In a recent writing workshop, we were given a brief guided meditation and then a prompt, with 10 minutes to just spew out whatever came to mind. This is what I wrote.
Where was I when I told the truth and why did it matter?
I was sitting at the kitchen counter, on a tall bar stool, watching my husband make dinner. We were talking about a bunch of different topics and he had been sharing something he was thinking about and being very vulnerable. For some reason, in the back of my head, the thought occurred: Tell him the thing. Tell him the thing that only one other person knows and no one else ever will. It’s a safe space. And so I did. I jumped off the ledge of protection. I left behind the fear of judgment. I left behind the idea that this would forever tarnish how he looks at me and just told him my secret.

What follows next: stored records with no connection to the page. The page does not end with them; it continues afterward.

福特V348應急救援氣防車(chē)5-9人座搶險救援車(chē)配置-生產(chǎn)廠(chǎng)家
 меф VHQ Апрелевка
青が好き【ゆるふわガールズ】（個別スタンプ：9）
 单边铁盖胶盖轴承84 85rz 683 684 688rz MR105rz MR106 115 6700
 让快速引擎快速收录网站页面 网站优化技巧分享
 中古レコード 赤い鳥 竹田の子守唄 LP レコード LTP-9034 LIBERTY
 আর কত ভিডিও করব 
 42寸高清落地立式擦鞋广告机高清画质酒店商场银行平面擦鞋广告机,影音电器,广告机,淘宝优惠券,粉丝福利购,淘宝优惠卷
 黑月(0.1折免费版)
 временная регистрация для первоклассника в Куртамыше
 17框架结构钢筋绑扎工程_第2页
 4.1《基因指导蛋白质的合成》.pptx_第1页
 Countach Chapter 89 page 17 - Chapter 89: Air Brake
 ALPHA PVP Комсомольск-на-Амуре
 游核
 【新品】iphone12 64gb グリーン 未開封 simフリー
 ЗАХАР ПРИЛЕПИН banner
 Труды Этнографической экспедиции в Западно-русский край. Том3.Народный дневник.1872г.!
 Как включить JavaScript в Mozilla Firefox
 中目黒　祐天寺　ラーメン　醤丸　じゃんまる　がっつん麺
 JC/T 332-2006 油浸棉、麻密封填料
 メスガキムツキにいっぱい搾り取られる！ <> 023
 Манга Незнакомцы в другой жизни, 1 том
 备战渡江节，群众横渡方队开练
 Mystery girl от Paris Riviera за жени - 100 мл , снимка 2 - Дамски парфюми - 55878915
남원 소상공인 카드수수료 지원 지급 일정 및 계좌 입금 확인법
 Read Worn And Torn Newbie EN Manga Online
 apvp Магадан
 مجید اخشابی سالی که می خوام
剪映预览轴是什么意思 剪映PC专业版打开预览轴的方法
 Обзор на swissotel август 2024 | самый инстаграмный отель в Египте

The funny thing was, it wasn’t that hard. It wasn’t nearly as hard as spending years not telling him. Thinking about the idea and thinking I’ll never tell him that thing I did. Never ever will I tell it. But I did. And he received it well, but then started asking all sorts of questions and I flew right back on that ledge and asked him to stop asking me about it. The walls closed down around me and I wondered if I’d regret it, telling him that thing. And then I remembered the freedom on sharing it, of unburdening a secret I had for years kept from him and from everyone else. And thought, it wasn’t so bad.
But I don’t know if I’ll ever be able to do it again. I might. I might be so honest that the mask falls and all you see are the bones of my face, the flesh stripped off. It scares the crap out of me. It’s as scary as sharing my writing, but here I am, in this program, sharing my writing, so would it be so bad? I don’t know. I only know just thinking about it causes a flurry of emotions – sadness, overwhelment (is that a word?), heart pounding scariness, the adrenaline rushing through my veins causing me to tingle and be cold and yet warm all at the same time.
Thinking back, it was worth it, I know that, but it still feels like stepping off a cliff without a net or a warm body of water to greet me as I fall. I want to have my writing do that same thing for my readers. I want them to cry and laugh and connect with my characters, but how can I do that if I can’t do that myself in my real life? There’s the kicker – the fear of being vulnerable which is making me not be vulnerable which is causing me to hold back in sharing my emotions which may result in me not being the great writer I think I can be, I know I can be, I hope I can be.